Dossier lo-fi hip-hop part I : aux origines du hip-hop japonais

C’est quoi le lo-fi ? Nous vous proposons régulièrement de découvrir des artistes de la scène musicale nippone actuelle, mais qu’en est-il des origines de ces mélodies ? Comment un genre en particulier prend-il son essor, évolue, se transforme et mute pour inonder quotidiennement, 40 ans plus tard (ndlr : de nos jours), nos oreilles attentives et réceptives ? Les cœurs vibrent à l’unisson, au rythme des beats, des pulsations envoutantes, tantôt grisantes, tantôt mélancoliques. 

Aujourd’hui nous vous embarquons vers les origines d’une tendance musicale très présente : le lo-fi hip-hop.
Remontons le fil de ce qui a mené à l’avènement du style, et découvrez avec nous comment la culture hip-hop underground japonaise, a su influencer un créateur de génie, un pionnier qui influença toute une génération d’artistes.
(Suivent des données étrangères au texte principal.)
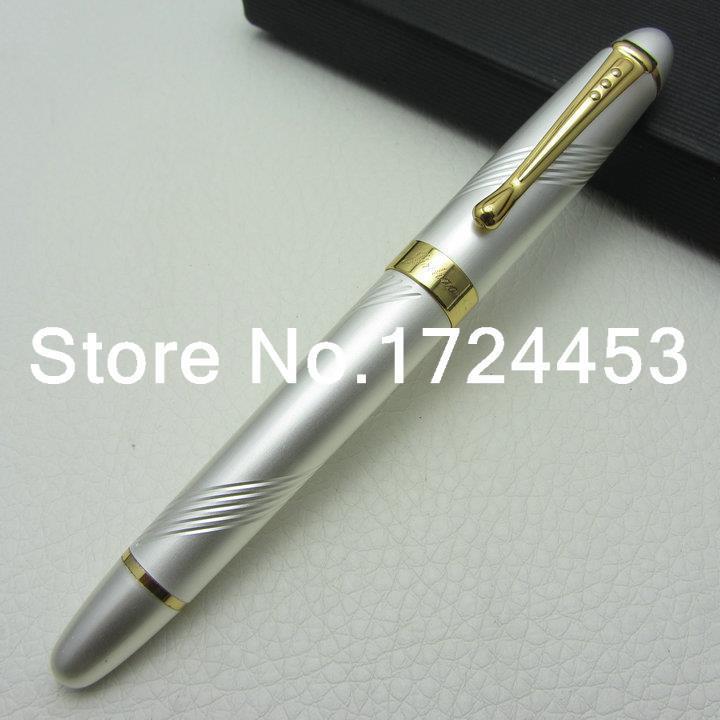 JINHAO White And Gold clip Fountain Pen M Nib with gift box J1103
Compte tenu de la densité du sujet, ce dossier sera découpé en trois articles distincts. Vous lisez le premier article de la série, celui-ci sera mis à jour pour inclure les liens des articles suivants.

Qu’est-ce que le lo-fi ?

Naturel opposé de hi-fi (abr. de high-fidelity ou haute fidélité), le lo-fi (abr. de low-fidelity ou basse fidélité) désigne depuis la fin des années 1980 dans le monde de la musique, des méthodes d’enregistrement basiques, plus underground, moins lisses et soignées que celles utilisées dans l’industrie musicale dite traditionnelle. On peut reconnaître des compositions lo-fi de par leurs imperfections, craquements, pop, et autres glitch rappelant des titres très anciens.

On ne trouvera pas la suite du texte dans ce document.